_Instructions for the task_. What is the number of lines in the records below holding the string "Benz"? Reply with it and nothing else.

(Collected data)
::::

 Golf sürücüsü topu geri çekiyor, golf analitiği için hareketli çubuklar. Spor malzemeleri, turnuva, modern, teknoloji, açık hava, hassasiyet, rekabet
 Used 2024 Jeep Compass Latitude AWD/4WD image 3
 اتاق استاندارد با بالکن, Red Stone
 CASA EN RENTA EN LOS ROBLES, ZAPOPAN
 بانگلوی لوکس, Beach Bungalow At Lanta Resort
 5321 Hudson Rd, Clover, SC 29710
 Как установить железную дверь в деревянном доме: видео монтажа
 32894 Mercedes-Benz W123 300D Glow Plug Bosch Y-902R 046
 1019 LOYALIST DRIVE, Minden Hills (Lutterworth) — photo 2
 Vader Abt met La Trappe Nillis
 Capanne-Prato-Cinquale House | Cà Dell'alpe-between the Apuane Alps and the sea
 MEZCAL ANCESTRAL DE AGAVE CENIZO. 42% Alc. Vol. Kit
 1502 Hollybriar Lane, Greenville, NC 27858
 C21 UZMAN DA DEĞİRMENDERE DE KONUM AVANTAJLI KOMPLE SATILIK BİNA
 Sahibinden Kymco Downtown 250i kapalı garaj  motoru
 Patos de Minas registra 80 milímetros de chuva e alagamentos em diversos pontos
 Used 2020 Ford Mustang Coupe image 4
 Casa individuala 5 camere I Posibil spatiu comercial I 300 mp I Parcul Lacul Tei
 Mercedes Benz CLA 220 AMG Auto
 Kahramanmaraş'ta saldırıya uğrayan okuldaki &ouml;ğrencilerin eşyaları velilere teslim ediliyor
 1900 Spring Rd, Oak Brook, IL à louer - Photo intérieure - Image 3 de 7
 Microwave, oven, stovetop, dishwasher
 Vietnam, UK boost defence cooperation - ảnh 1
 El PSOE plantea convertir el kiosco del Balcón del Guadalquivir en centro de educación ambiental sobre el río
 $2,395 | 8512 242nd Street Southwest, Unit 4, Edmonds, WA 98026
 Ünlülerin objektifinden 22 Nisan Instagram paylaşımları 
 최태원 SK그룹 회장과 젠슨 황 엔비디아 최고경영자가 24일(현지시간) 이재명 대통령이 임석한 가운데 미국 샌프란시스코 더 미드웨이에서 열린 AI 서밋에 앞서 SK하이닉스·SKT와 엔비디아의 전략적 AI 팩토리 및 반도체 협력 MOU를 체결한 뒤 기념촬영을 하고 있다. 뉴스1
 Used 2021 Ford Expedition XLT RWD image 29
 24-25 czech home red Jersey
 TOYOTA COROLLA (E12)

::::

_Solution below_. 2